Canadian Baseball Network

TORONTO -- On Monday, the Toronto Blue Jays selected high school infielder Jordan Groshans as the 12th overall pick in the first round of 2018's Major League Draft.

A 6-foot-4 product of Magnolia, Texas, the right-handed hitting Groshans checks in as MLB Pipeline's 31st top prospect in this year's draft and has been assigned an overall scouting grade of 50 on the league-ran prospecting website.

In the past, the Blue Jays have utilized a method that dictates the selecting of top talent over a strategy that looks to address specific organizational needs.

Monday's play for a high school shortstop would certainly appear to fit that plan given the fact that Toronto's minor league system is currently stacked with high-ceiling middle infield talent such as Bo Bichette, Lourdes Gurriel Jr. and last year's first-rounder Logan Warmoth to name only a few.

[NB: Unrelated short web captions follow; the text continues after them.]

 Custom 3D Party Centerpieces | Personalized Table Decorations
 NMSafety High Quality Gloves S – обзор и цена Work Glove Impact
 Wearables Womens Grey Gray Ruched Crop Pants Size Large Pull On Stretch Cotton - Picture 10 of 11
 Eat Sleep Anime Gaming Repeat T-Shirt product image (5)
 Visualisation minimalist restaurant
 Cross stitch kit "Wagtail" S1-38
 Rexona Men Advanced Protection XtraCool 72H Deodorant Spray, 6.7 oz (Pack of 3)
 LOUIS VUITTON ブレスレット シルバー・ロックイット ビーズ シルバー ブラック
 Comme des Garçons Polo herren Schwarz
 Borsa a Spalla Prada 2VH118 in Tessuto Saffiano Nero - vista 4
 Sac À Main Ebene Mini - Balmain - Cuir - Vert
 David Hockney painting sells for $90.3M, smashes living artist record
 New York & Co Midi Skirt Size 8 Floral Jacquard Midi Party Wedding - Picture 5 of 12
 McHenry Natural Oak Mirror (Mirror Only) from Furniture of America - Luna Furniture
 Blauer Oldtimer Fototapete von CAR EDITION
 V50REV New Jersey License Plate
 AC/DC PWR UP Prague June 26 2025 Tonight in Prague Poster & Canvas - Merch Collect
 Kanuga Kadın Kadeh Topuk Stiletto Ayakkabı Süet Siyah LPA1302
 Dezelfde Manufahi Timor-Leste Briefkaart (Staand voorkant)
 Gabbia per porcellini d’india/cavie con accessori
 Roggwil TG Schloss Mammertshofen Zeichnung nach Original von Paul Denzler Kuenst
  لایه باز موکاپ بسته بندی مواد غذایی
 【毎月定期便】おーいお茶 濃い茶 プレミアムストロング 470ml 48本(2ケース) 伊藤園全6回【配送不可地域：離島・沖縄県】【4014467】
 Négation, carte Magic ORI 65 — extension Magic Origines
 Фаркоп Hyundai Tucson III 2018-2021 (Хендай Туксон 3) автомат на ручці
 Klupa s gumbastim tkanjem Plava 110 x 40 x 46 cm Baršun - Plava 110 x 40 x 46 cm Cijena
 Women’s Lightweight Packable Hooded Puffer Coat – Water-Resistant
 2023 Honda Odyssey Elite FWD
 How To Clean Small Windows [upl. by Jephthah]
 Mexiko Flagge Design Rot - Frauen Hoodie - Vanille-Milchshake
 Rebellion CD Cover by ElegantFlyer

"Coming into the night, Jordan was somebody that we had certainly had targeted as a player that we had hoped to have the opportunity to add to the organization," said Blue Jays Director of Amateur Scouting Steve Sanders via phone conference on Monday.

Although selecting a position player out of high school can be viewed as a precarious endeavor, the Blue Jays are confident in their decision.

"College players and high school players bring different things to the table," admitted Sanders on Monday. "Obviously being a little bit younger (means) not having the experience of playing at the collegiate level. While there's some risk associated with that, we certainly feel good about taking Jordan, and the trajectory that we feel he's going to be on from here on out."

"Both on and off the field, Jordan represents a lot of the things we look for in a player," added Sanders. "His ability on the field is undeniable, both offensively and defensively he brings tools to the table, and (he's) somebody that we believe has potential to be a middle of the lineup hitter at the Major League Level."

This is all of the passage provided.